══ EXTRACTED DATA
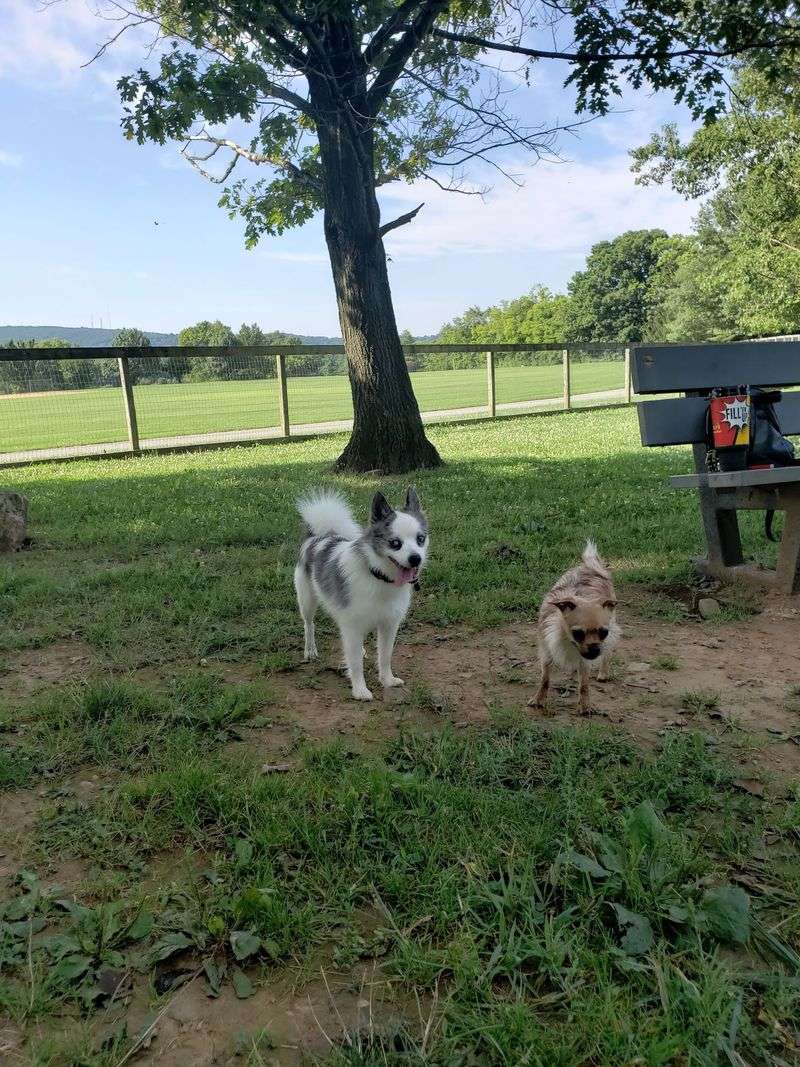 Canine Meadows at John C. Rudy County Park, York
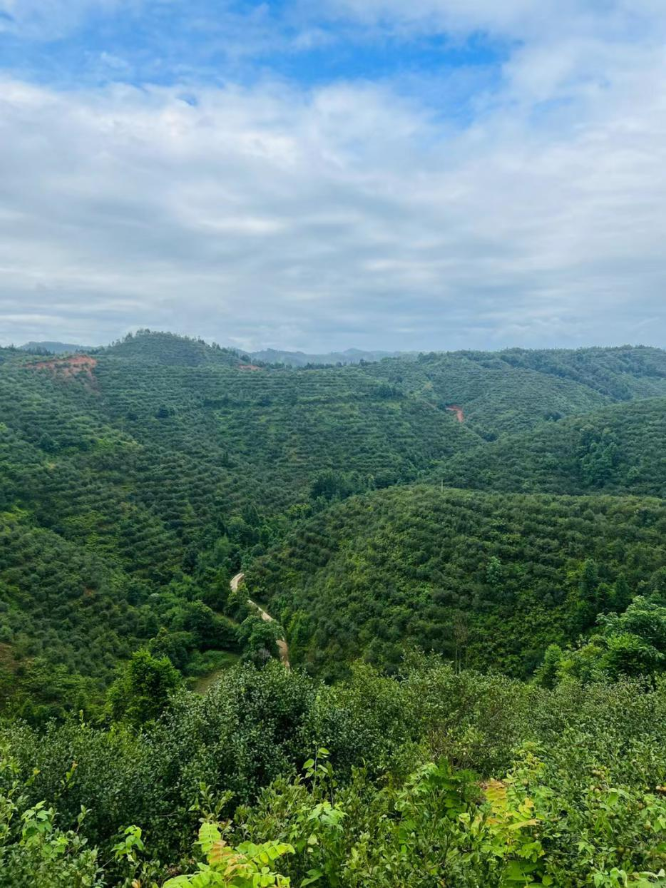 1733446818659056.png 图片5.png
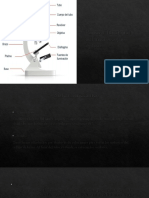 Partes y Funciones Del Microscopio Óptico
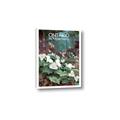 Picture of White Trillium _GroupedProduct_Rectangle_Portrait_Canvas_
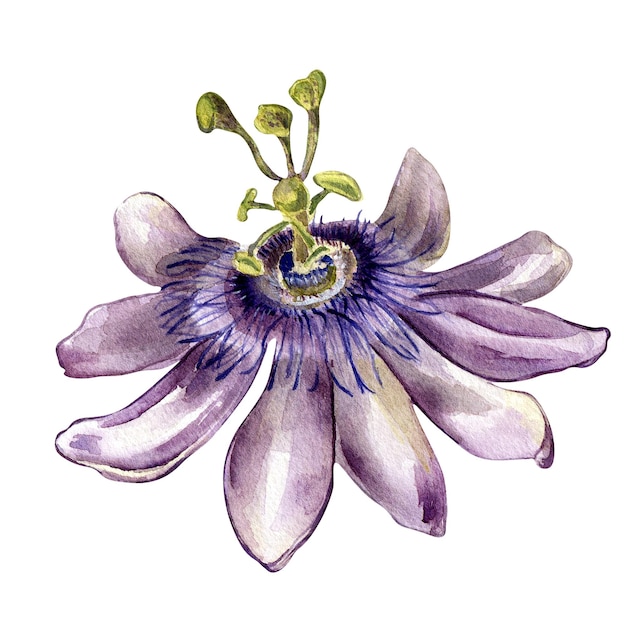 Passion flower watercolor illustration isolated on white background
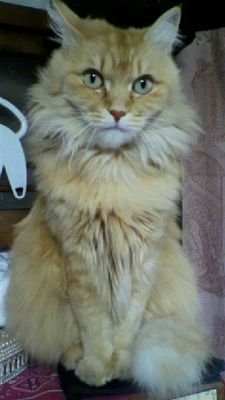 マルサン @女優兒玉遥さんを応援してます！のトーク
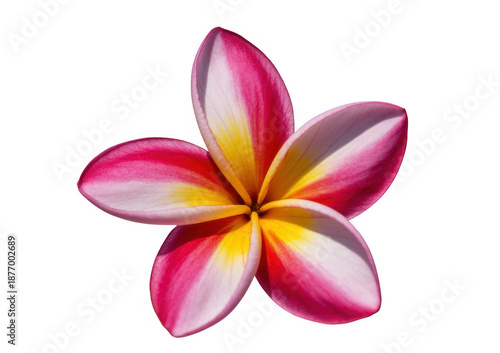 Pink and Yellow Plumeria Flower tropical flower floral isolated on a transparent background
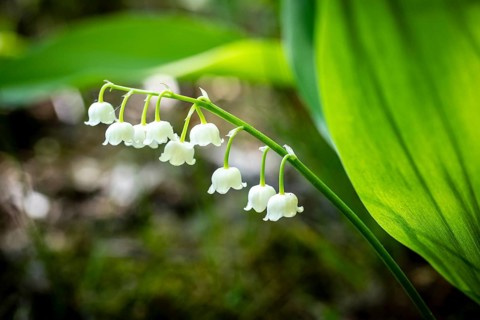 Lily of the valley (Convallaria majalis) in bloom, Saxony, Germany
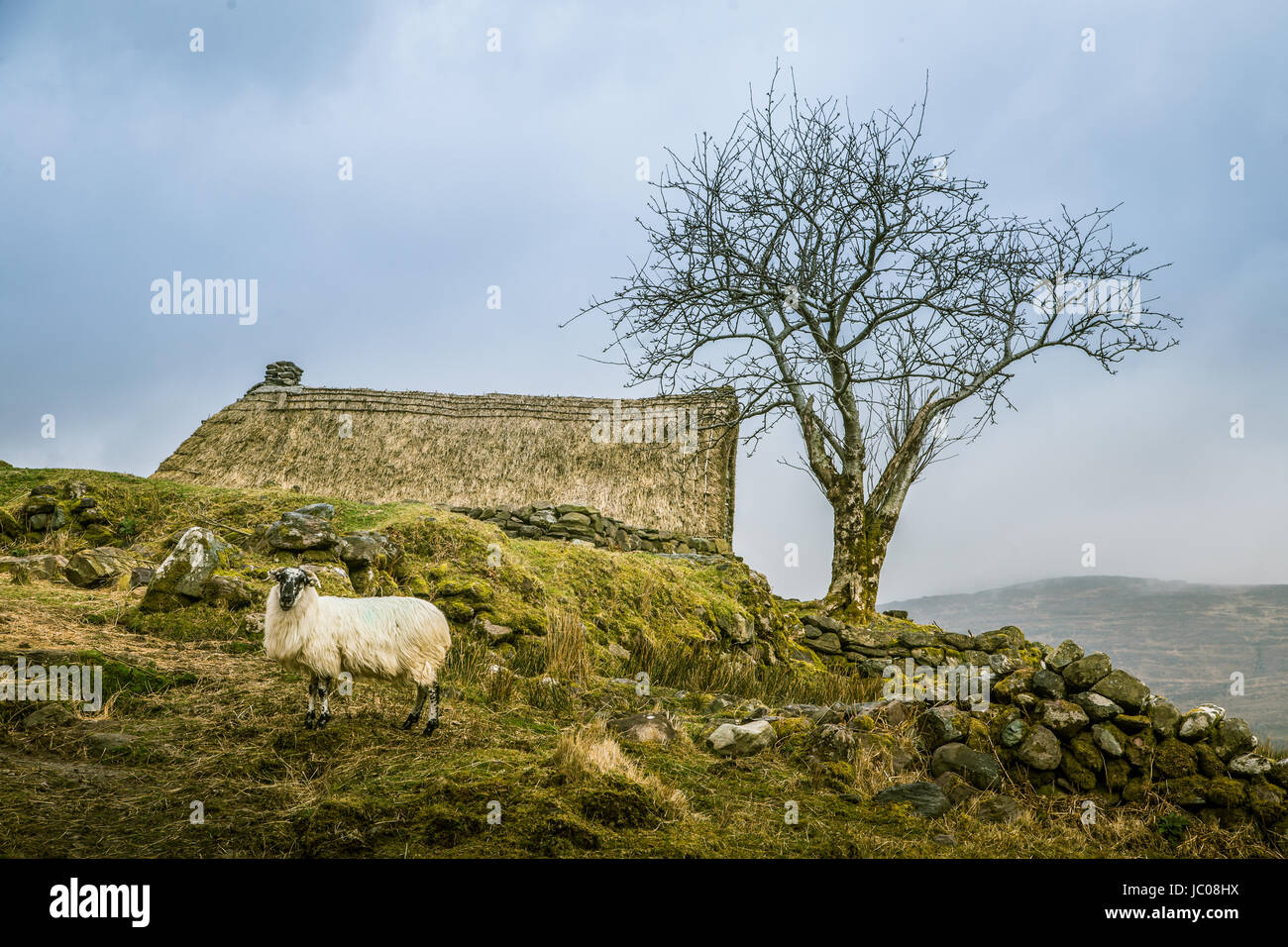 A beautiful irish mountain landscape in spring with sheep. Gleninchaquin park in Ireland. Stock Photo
════
## [TASK BRIEF]
Please print the lines from the one holding "マルサン @女優兒玉遥さんを応援してます！のトーク" through the end of the records above, unchanged and with the pictures left out.

## [OUTPUT BELOW]
 マルサン @女優兒玉遥さんを応援してます！のトーク
 Pink and Yellow Plumeria Flower tropical flower floral isolated on a transparent background
 Lily of the valley (Convallaria majalis) in bloom, Saxony, Germany
 A beautiful irish mountain landscape in spring with sheep. Gleninchaquin park in Ireland. Stock Photo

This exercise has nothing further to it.